Question about NDPI

Mon May 13 23:30:06 EDT 2024

I have another question regarding Hamamatsu NDPI's Tiff structure:

OpenSlide way (as found in openslide-decode-tifflike.c):
After carefully reading your code and the documentation, I understand that Hamamatsu chose to use the standard Tiff (non-BigTiff) and after the very first 2 bytes of the file (bytes #0 and #1, endianness) and the byte #2 for standard Tiff (2A) or BigTiff (2B), they write 8 bytes (against the standard Tiff rule with only 4 byte offset) for the offset to their first IFD/Tiff Directory.

In OpenSlide, you try guessing if it is NDPI by trying to read the first IFD from that theoretical 8 byte and check, if you find the tag 64520, which is "pathognomonic" only for NDPI. Else, you "fall back" to a standard Tiff file.

My findings:
At Smart In Media, have a huge slide collection and our earliest ever NDPI slide dates back to Oct 2007 and the latest to this year. The models were S210, S360 and S20 and one from one, where I am not sure (2007).
In all of them, I found the word "Hamamatsu" in a Hex Editor starting at byte #12 (in the oldest slide from 2007, it starts at #18). This would make it a lot easier at identifying Hamamatsu NDPI files from the content of the file, irrespective of the extension, by just searching the first e. g. 30 bytes for the string "Hamamatsu". 
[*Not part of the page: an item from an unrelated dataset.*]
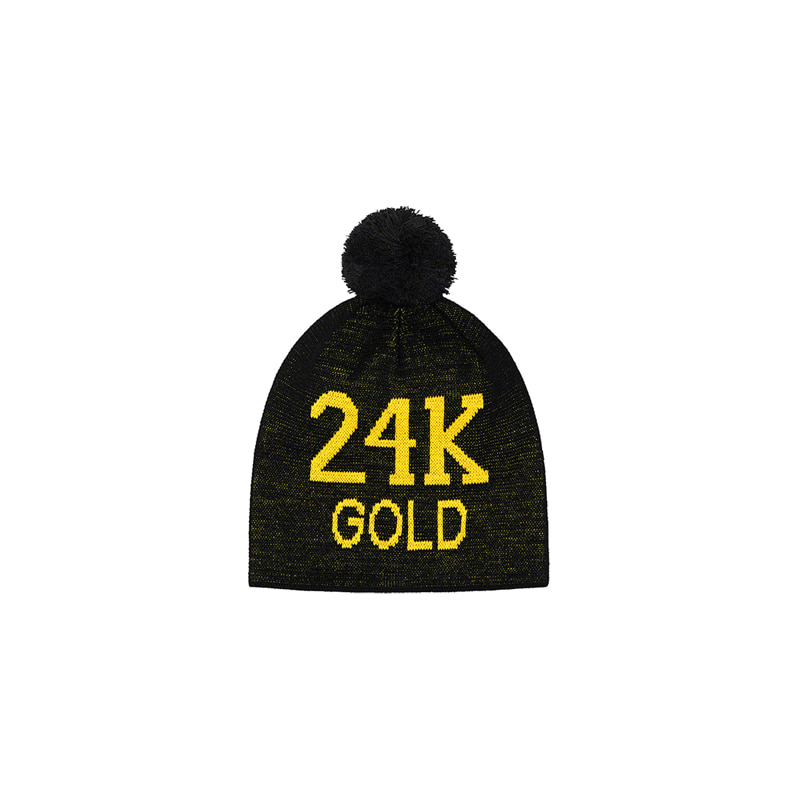 24K GOLD BEANIE (BLACK)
Can you confirm this or do you have other findings?

Thank you 

Martin

-----Original Message-----
From: Benjamin Gilbert <bgilbert+openslide at cs.cmu.edu> 
Sent: Samstag, 11. Mai 2024 22:07
To: openslide-users at lists.andrew.cmu.edu
Cc: Martin Weihrauch <m.weihrauch at smartinmedia.com>
Subject: Re: Question about NDPI

[Sie erhalten nicht häufig E-Mails von bgilbert+openslide at cs.cmu.edu. Weitere Informationen, warum dies wichtig ist, finden Sie unter https://aka.ms/LearnAboutSenderIdentification ]

On Sat, May 11, 2024 at 2:15 PM Martin Weihrauch <m.weihrauch at smartinmedia.com> wrote:
> If I see it correctly, it (ab)uses the Tiff format and stores a single JPEG in each zoom level, (ab)using the JPEG rules, e. g. by exceeding the 65,000 pixel limit, etc.

Right.

> My question: how is it possible to quickly extract a tile from the large JPEG? Does it internally have multiple frames (the stripes) and if yes, how is it possible to locate the internal MCU/8x8 blocks without reading the entire stripe or does each stripe have to be "parsed" at least once completely? Is there something like a directory involved?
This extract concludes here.